Dewasa ini, bukan hanya orang gila ataupun anjing gila yang dapat melakukan hal-hal
menyimpang seperti yang dijabarkan dalam kutipan diatas. Nilai-nilai ketuhanan kian luntur,
hilangnya penghayatan terhadap nilai Pancasila, sikap individualis, anarkis, dan pudarnya
budaya gotong royong di masyarakat bukanlah hal yang sulit dijumpai. Lantas apa yang
membedakan manusia masa kini dengan orang gila bahkan anjing gila?
Satu hal lagi yang menarik dari tokoh gila yang berpidato ini adalah kelugasannya
dalam mengutarakan kegilaan disekitarnya padahal dirinya pun merupakan orang yang tidak
waras. Ia berdalih bahwa kegilaannya hanya sebatas pura-pura yang dilakukan sebagai bentuk
pengorbanannya demi orang banyak.

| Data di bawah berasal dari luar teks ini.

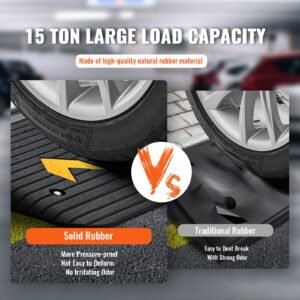 upgraded rubber threshold ramp 35 rise door ramp with 1 channel natural rubber car ramp with non slip textured surface 33069 lbs load capacity curb ramp for wheelchair and scooter 2.jpg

Hal ini secara gamblang tergambar dalam kutipan berikut.
“Meskipun tidak gila, kita semua kadang-kadang terpaksa berpura-pura gila. Kenapa?
Berpura-pura gila supaya rumah sakit gila yang didirikan dengan biaya triliyunan uang rakyat
itu tidak mubazir. Contohnya, kita semua. Kita Berpura-pura gila disini untuk berkorban demi
eksistensi para perawat, suster, dan dokter-dokter gila itu. Bayangkan kalo tidak ada kita,
semua akan di PHK. Buntut-buntutnya mereka semua akan pura-pura gila, tapi keterusan gila.

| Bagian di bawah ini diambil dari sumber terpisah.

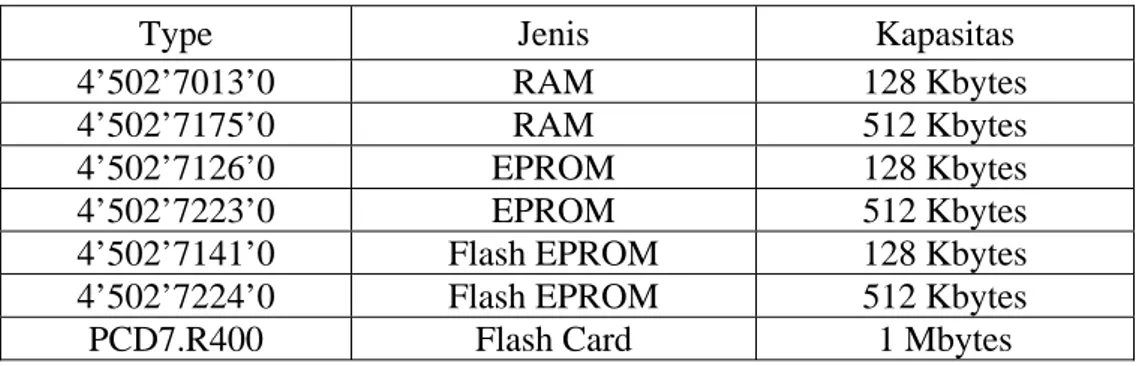 Tabel 3.1 Jenis memori PCD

Walhasil, kehadiran kita semua disini, adalah pengorbanan dan kepahlawanan tanpa bintang
jasa.”
Karakter orang gila ini dibawakan dengan semangat berapi-api dan suara lantang seolah
segala yang disampaikannya adalah kebenaran mutlak yang tak terbantahkan sampai-sampai
penonton dibuat ikut merasa dongkol dan bertanya-tanya siapa yang gila sebenarnya. Intonasi
hingga mimik wajah pun turut mendukung penghayatan dari karakter yang dibawakan sehingga
pesan yang disampaikan dapat ditangkap dengan baik oleh para penonton, ditambah tingkah
konyol dan gaya bicara yang khas dari tokoh orang gila ini tak jarang mengundang gelak tawa.